[[ Source data, beginning ]]
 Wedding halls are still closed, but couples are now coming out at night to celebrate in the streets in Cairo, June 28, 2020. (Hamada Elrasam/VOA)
[[ Source data, end ]]
[[ Source data, beginning ]]
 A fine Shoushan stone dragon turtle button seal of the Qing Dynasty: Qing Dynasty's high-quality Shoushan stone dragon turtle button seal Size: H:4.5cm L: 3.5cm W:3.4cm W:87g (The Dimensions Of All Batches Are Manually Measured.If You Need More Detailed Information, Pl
[[ Source data, end ]]
[[ Source data, beginning ]]
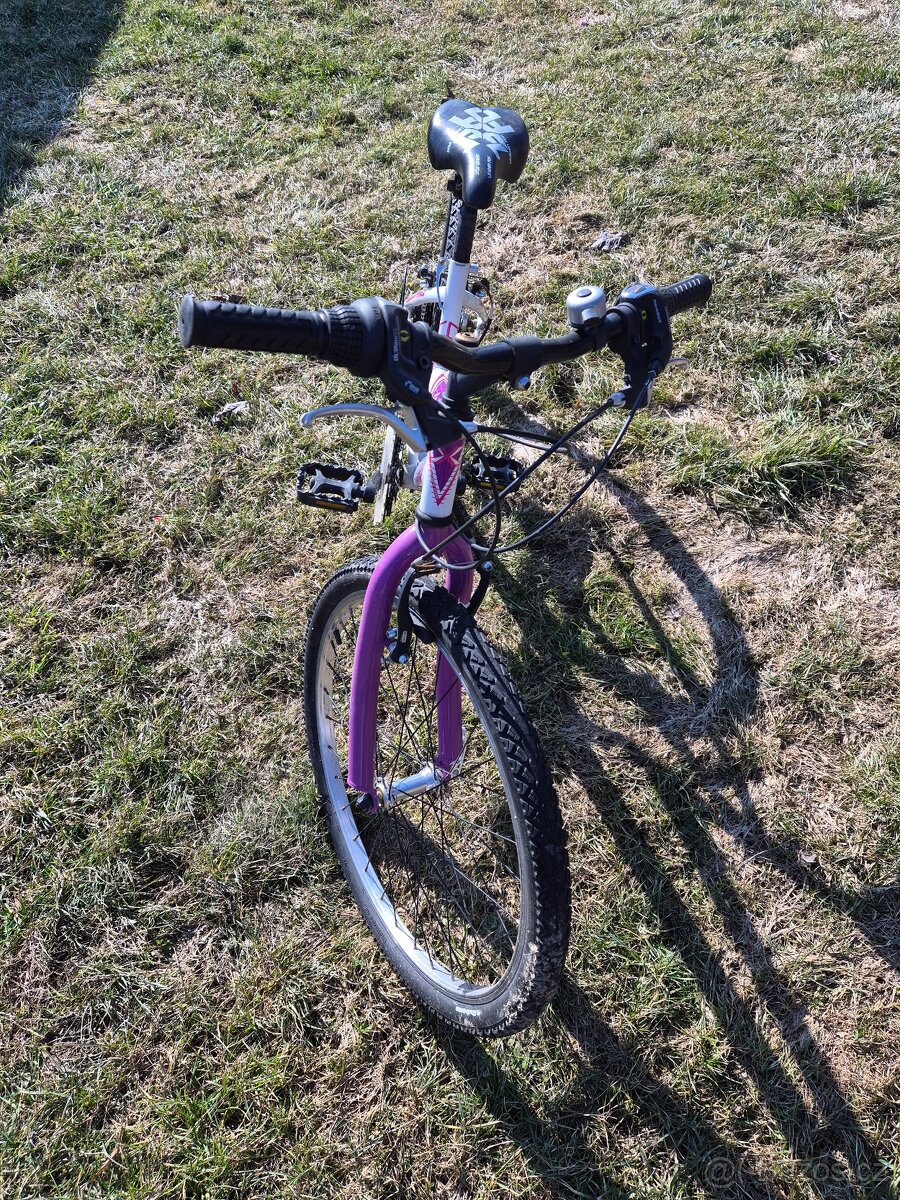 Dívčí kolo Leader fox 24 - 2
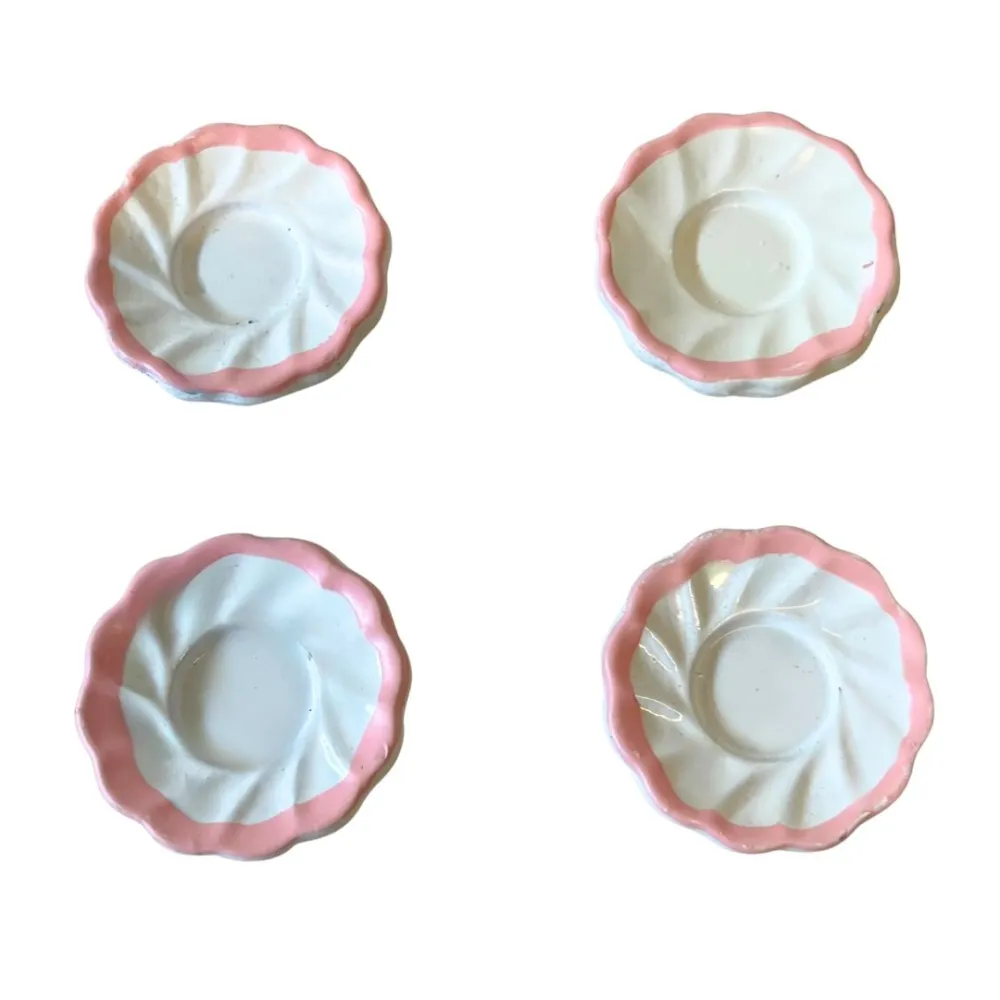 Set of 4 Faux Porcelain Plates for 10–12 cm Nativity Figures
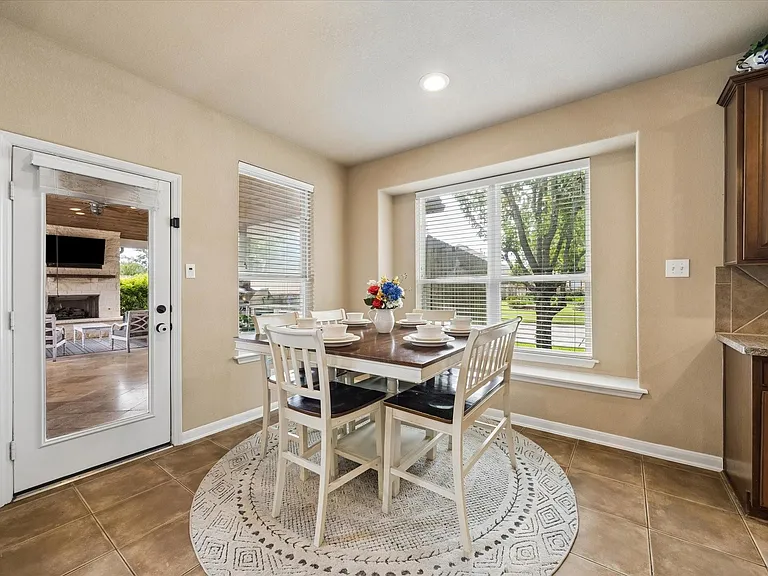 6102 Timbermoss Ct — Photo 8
[[ Source data, end ]]
> About this task: Although the records hold pictures, the copy must not; give again exactly the lines from the one with "Set of 4 Faux" through the one with "6102 Timbermoss Ct — Photo 8".

> Task response:
 Set of 4 Faux Porcelain Plates for 10–12 cm Nativity Figures
 6102 Timbermoss Ct — Photo 8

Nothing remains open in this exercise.